Among the entries below, find the line with "Nike LeBron 18" and the line with "BIG STAR Winter Jacket 'Acarf' in Black". Return exactly those lines and every line between them, but no pictures.
++++ RECORDS FOR THE TASK
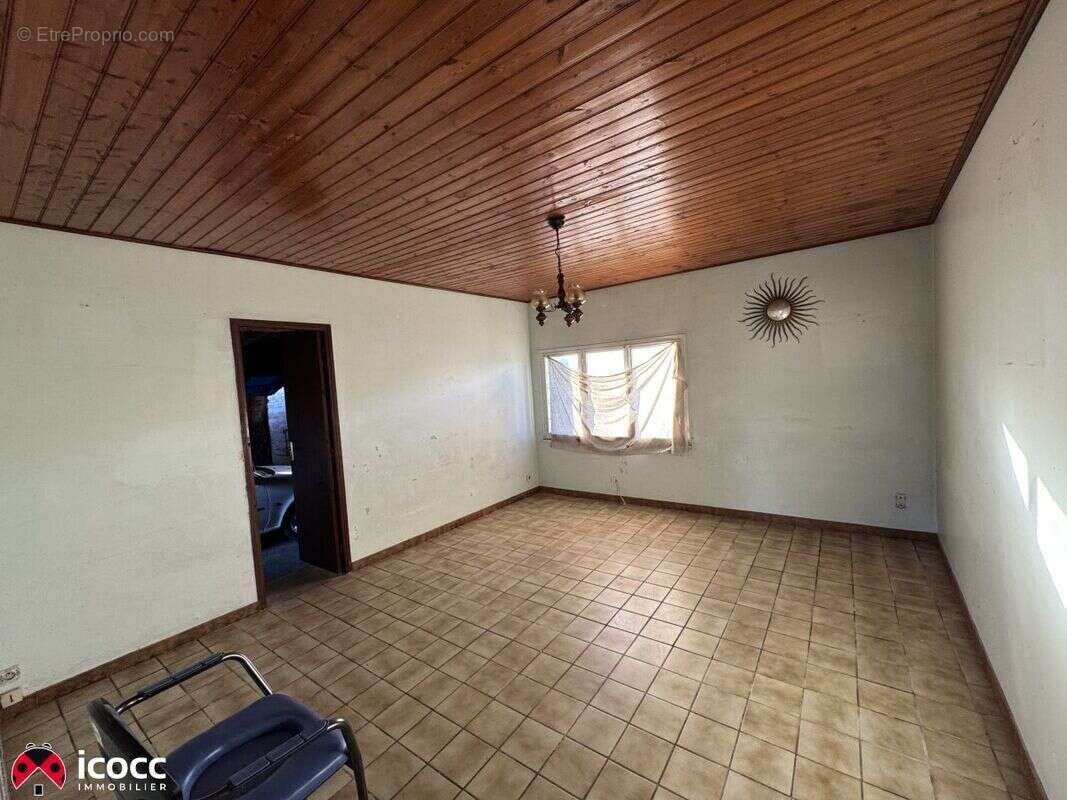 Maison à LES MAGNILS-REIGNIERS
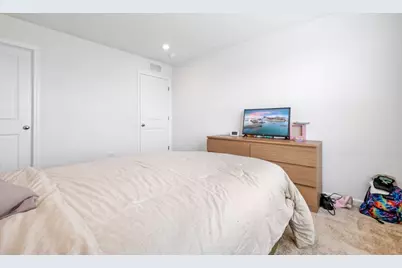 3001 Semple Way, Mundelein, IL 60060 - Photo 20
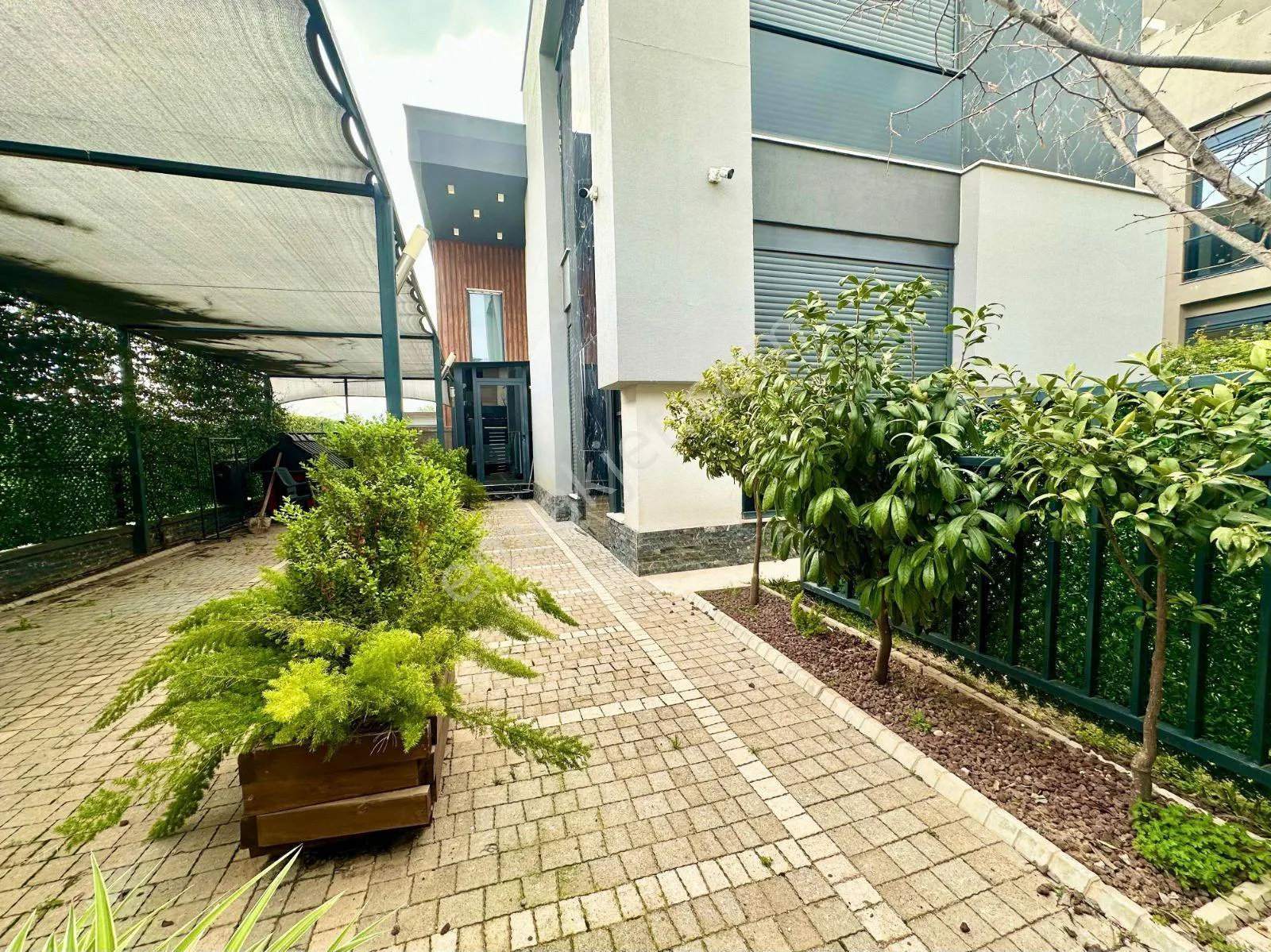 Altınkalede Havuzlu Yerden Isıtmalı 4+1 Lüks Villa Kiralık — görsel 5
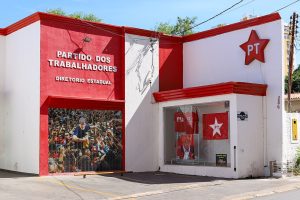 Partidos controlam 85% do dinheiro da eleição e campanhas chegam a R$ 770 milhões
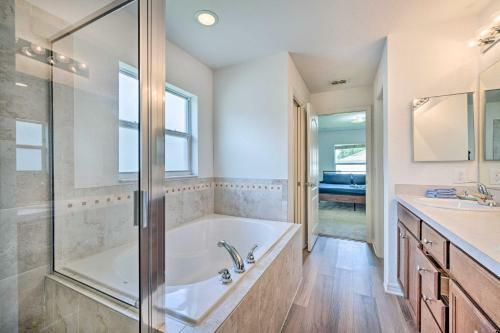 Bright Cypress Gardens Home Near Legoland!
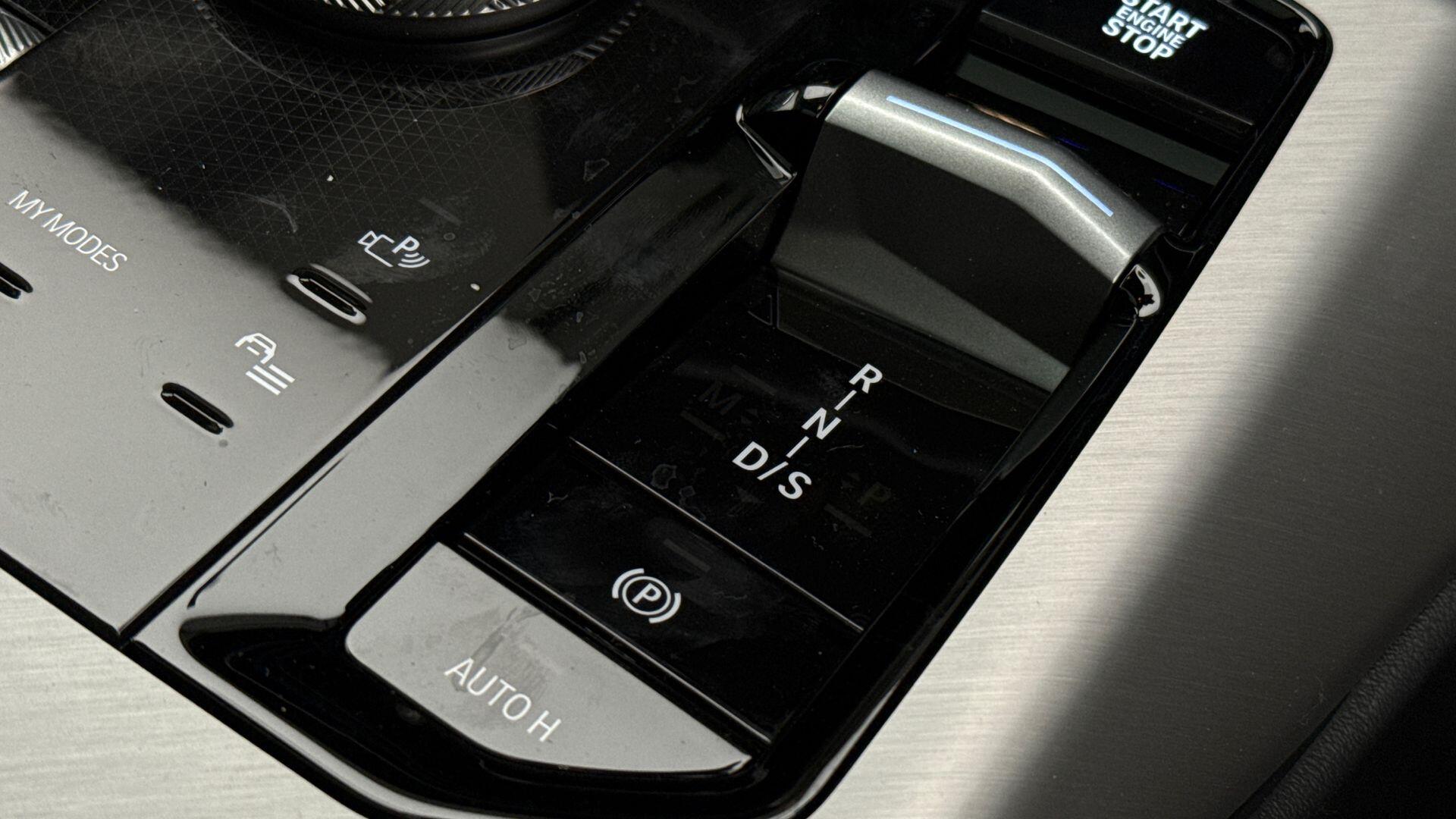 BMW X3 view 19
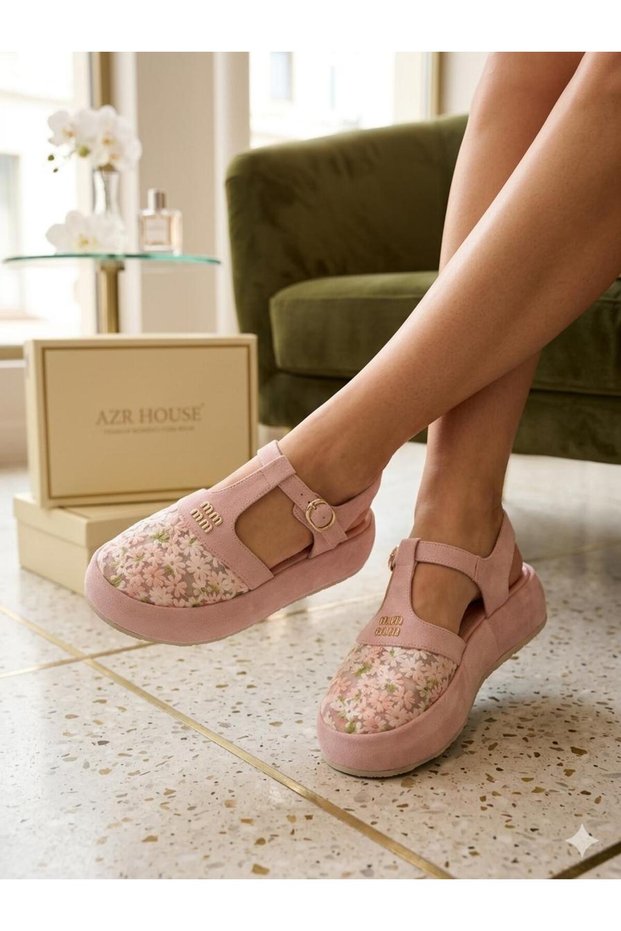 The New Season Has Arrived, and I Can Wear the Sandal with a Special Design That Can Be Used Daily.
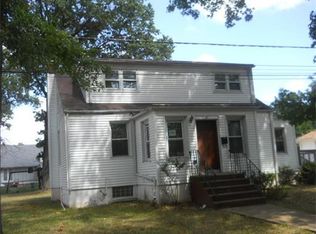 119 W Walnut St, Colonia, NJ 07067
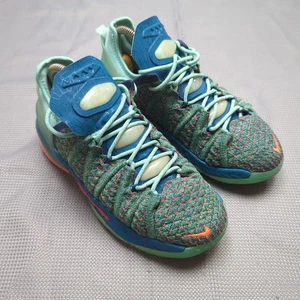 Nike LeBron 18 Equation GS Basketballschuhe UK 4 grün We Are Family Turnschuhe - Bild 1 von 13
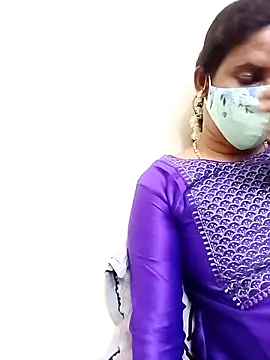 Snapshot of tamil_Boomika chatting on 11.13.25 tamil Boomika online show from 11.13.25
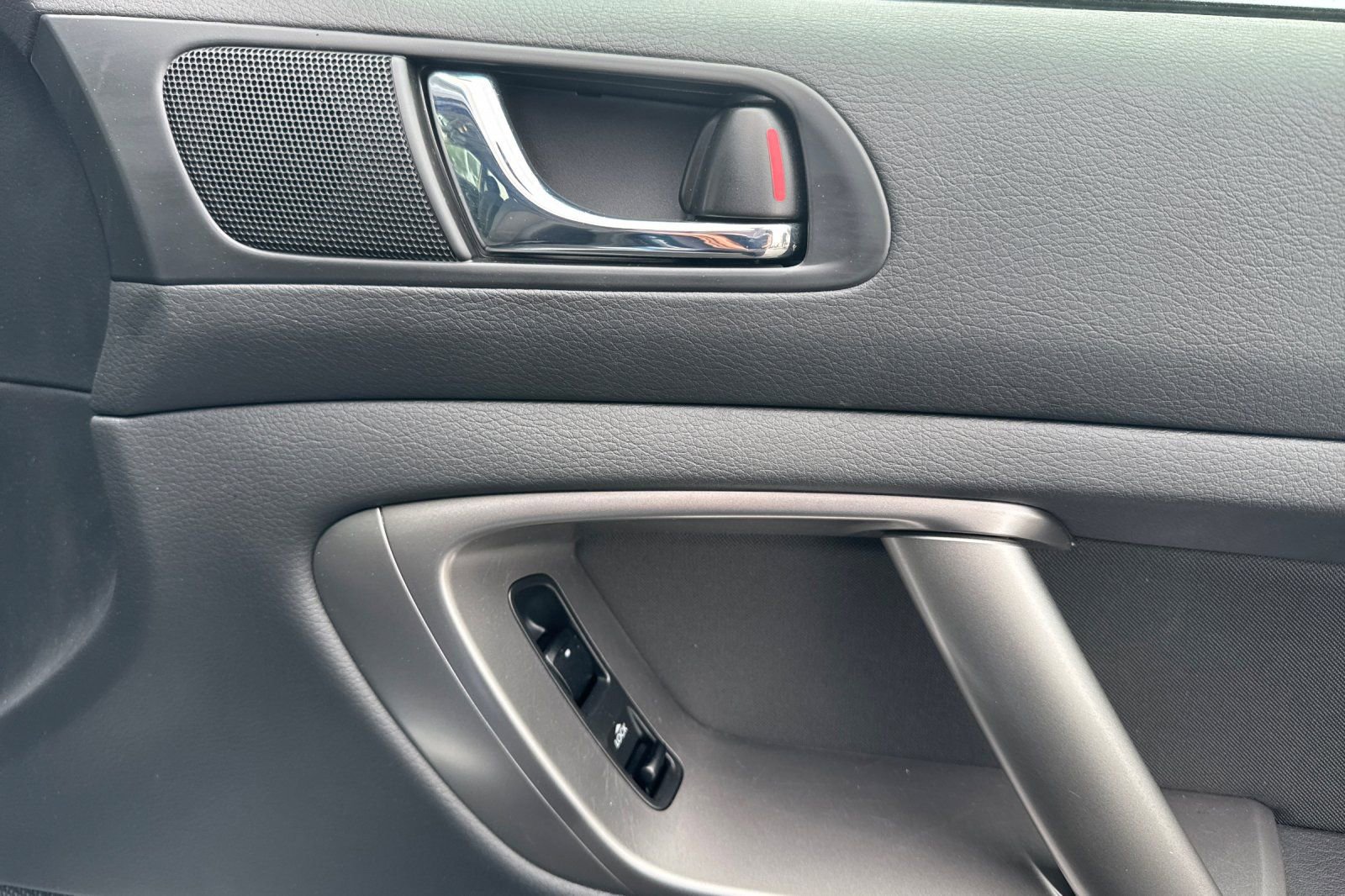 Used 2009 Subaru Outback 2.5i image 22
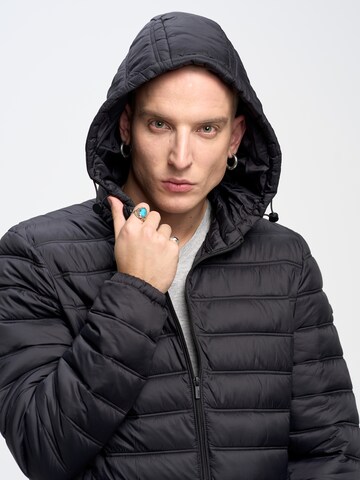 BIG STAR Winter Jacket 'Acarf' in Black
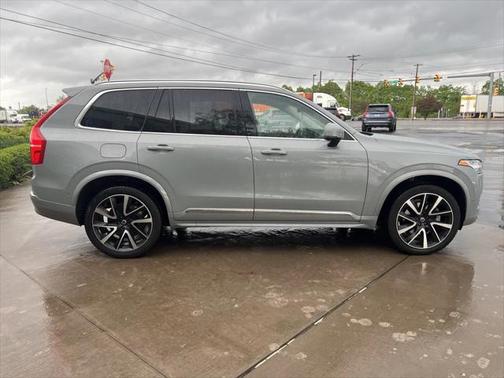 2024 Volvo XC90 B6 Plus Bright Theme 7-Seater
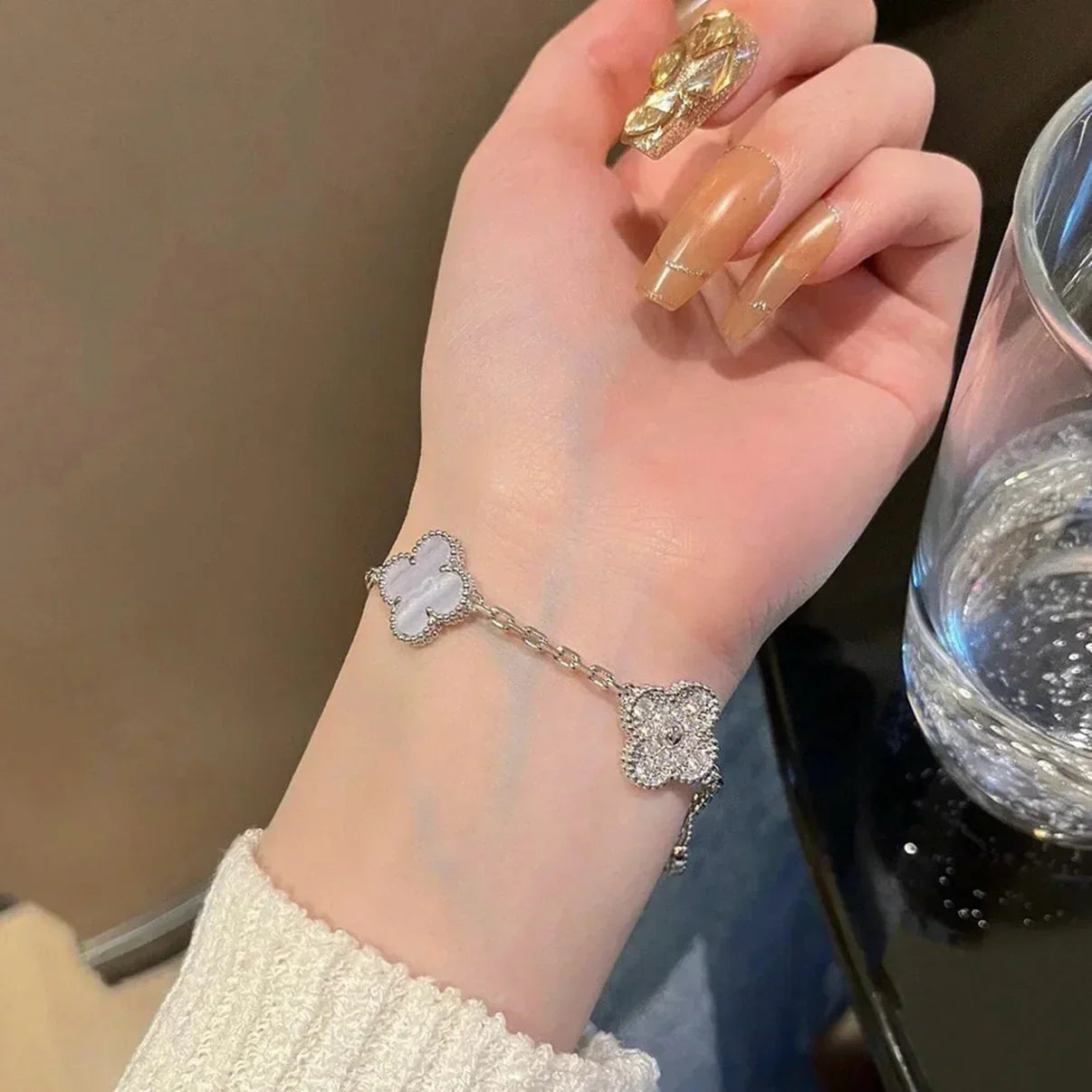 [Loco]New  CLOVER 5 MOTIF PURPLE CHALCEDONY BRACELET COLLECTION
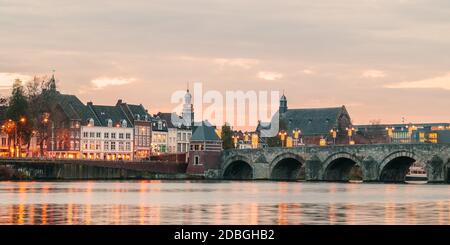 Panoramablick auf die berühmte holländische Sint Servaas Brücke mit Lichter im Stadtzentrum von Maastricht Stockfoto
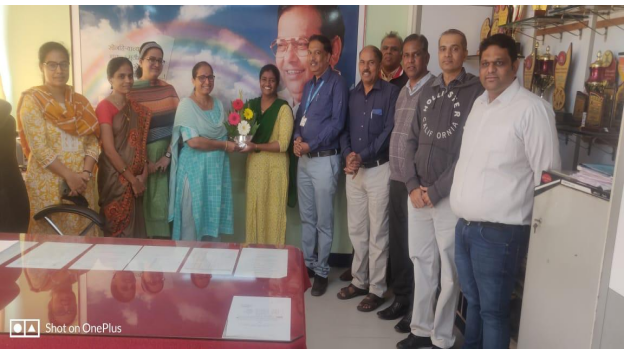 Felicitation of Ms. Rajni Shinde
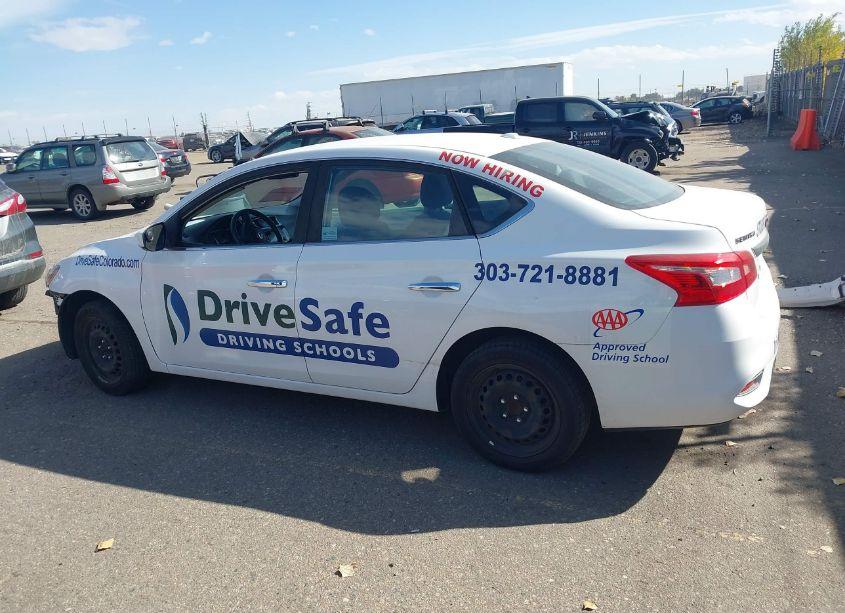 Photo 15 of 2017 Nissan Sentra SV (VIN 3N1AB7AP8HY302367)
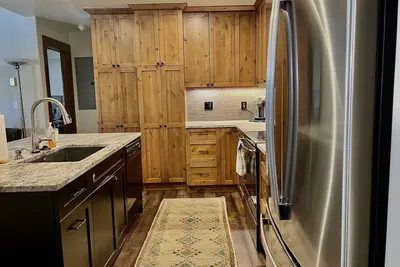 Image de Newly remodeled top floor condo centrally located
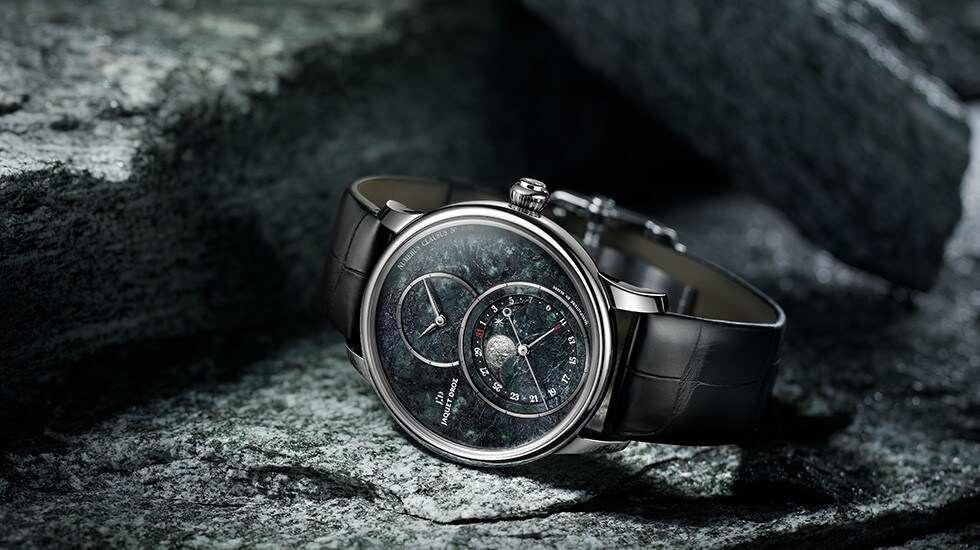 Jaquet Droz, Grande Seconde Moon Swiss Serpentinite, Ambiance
++++++++
EXERCISE RESPONSE:
 Nike LeBron 18 Equation GS Basketballschuhe UK 4 grün We Are Family Turnschuhe - Bild 1 von 13
 Snapshot of tamil_Boomika chatting on 11.13.25 tamil Boomika online show from 11.13.25
 Used 2009 Subaru Outback 2.5i image 22
 BIG STAR Winter Jacket 'Acarf' in Black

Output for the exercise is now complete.